Problem to work on: Output the records exactly, and drop each picture.

Task inputs:
+---+

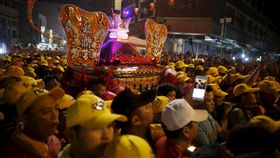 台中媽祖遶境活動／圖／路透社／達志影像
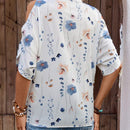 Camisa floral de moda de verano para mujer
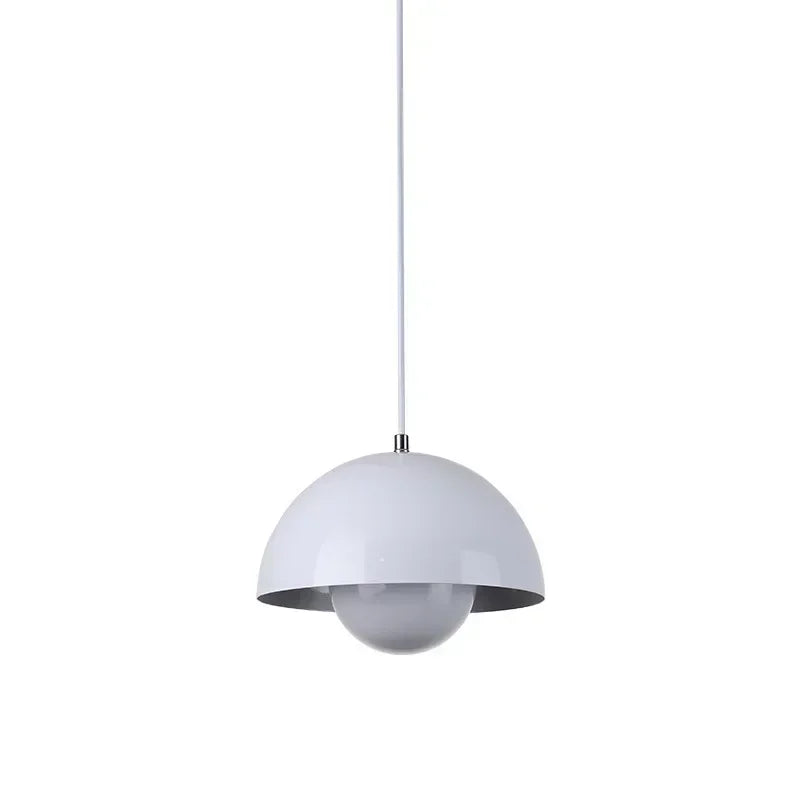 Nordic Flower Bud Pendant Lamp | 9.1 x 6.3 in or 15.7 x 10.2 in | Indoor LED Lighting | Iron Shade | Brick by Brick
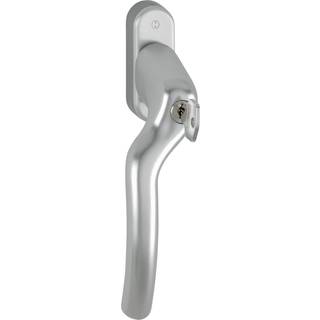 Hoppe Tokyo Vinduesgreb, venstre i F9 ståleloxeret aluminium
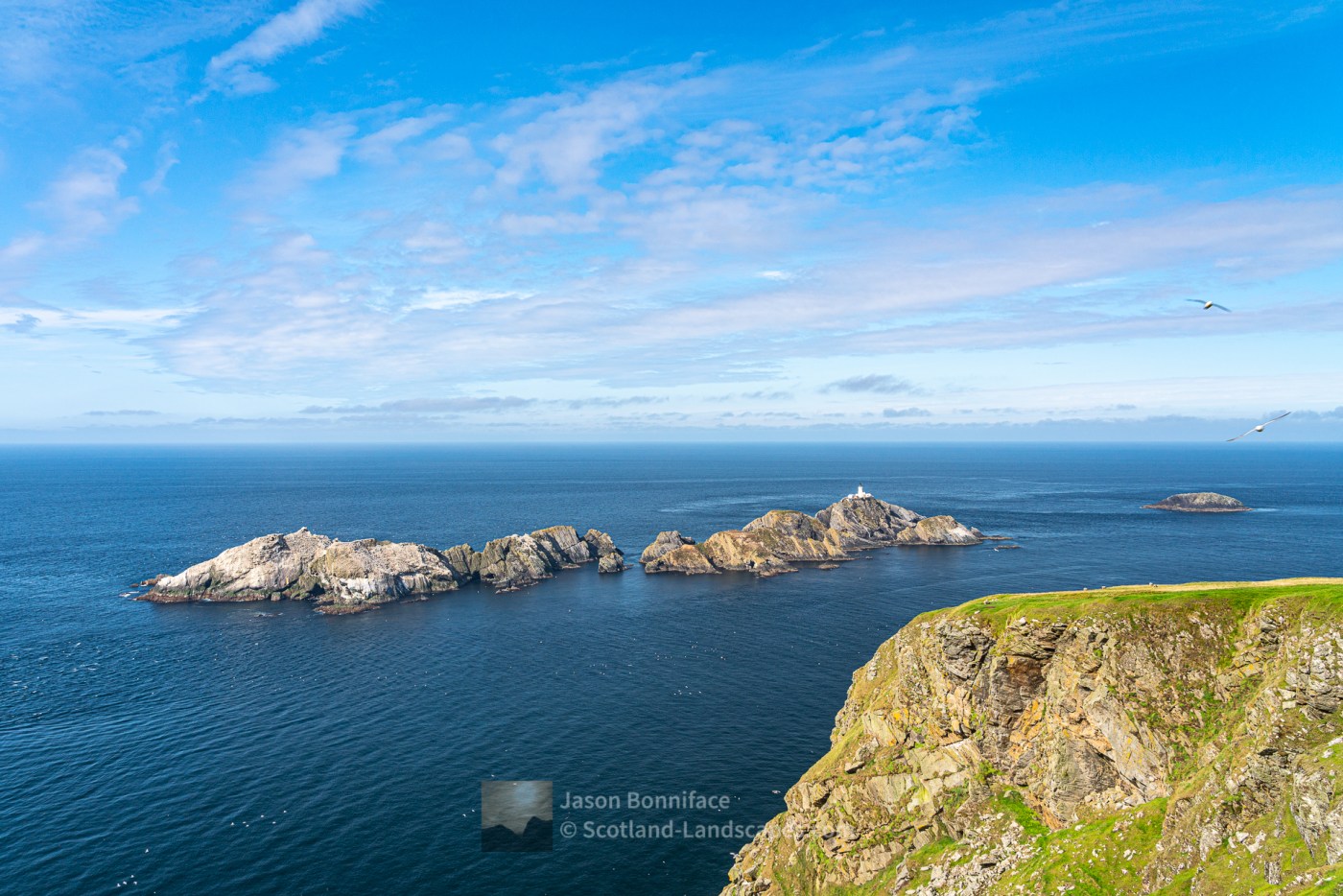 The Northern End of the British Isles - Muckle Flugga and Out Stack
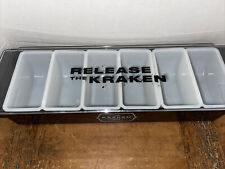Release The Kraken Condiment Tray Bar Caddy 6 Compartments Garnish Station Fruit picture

+---+

Exercise response:
 台中媽祖遶境活動／圖／路透社／達志影像
 Camisa floral de moda de verano para mujer
 Nordic Flower Bud Pendant Lamp | 9.1 x 6.3 in or 15.7 x 10.2 in | Indoor LED Lighting | Iron Shade | Brick by Brick
 Hoppe Tokyo Vinduesgreb, venstre i F9 ståleloxeret aluminium
 The Northern End of the British Isles - Muckle Flugga and Out Stack
Release The Kraken Condiment Tray Bar Caddy 6 Compartments Garnish Station Fruit picture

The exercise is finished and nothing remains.